The market could not weather big blows by weak September quarter earnings by index heavyweight like ITC and L&T. Dragged sharply by capital goods, auto and FCMG the benchmark indices ended lower for fifth straight day. The Nifty ended below 8100 mark, down 45.95 points or 0.6 percent at 8065.80. The Sensex slipped 181.31 points or 0.7 percent at 26656.83. About 996 shares have advanced, 1615 shares declined, and 194 shares are unchanged.
Sakhti Siva of Credit Suisse reiterates underweight call on India. MSCI India has underperformed MSCI Asia ex-Japan by 7.6 percent since the highs on 21 August.

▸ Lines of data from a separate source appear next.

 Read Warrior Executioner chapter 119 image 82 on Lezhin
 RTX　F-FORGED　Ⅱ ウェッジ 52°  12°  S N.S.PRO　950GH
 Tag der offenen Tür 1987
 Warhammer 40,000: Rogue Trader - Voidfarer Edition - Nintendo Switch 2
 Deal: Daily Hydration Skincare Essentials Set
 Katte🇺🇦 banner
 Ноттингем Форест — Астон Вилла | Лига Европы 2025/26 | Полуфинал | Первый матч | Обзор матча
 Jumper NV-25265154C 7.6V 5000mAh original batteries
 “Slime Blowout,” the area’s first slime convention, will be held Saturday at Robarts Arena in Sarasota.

India has always underperformed MSCI Asia ex-Japan when its premium reaches 50 percent as it did in March 2006, December 2007, January 2015 and again in August 2015. While India’s current return on equity is 13.8 percent but implied ROE is 19.1 percent.
Ajay Srivastava, chief executive officer, Dimensions Consulting says, this is the best time to exit stocks that have disappointed on their quarterly numbers,
Speaking to CNBC-TV18, Srivastava says the current quarterly earnings (Q2) have been so far indifferent and hence, the time is ripe to exit badly performing stocks. The exit strategy is also based on his the belief that the market environment won’t be improving until atleast Q1FY17.

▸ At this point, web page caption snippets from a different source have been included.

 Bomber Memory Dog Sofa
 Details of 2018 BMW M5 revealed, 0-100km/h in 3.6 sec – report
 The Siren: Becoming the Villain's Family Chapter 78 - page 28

It was an action packed day as corporate earnings denting investor sentiment. Big boy ITC ended with over 4 percent loss as Q2 missed analysts’ expectations with profit rising to Rs 2,431 crore from Rs 2,425 crore in year-ago period, impacted by slow revenue growth in cigarette business. Weak revenue growth in agri business, hotels and paper business also hurt bottomline. Strong margin expansion and other income helped profit rise marginally. Revenue fell 1.4 percent to Rs 8,904 crore compared to Rs 9,024 crore in same period.
L&T slumped 4 percent and most disappointing factor that led sharp fall in stock was its cut in revenue as well as order inflow guidance for FY16. The engineering and construction major’s consolidated profit after tax increased 15.5 percent year-on-year to Rs 996 crore in July-September quarter, boosted by other income. Revenue grew by 10.6 percent to Rs 23,393 crore from Rs 21,159 crore in same period.
Other losers in the Sensex were Vedanta, M&M and BHEL. Capital Goods and FMCG index lost 2.7 and 2.4 percent respectively. Auto index fell over 1 percent.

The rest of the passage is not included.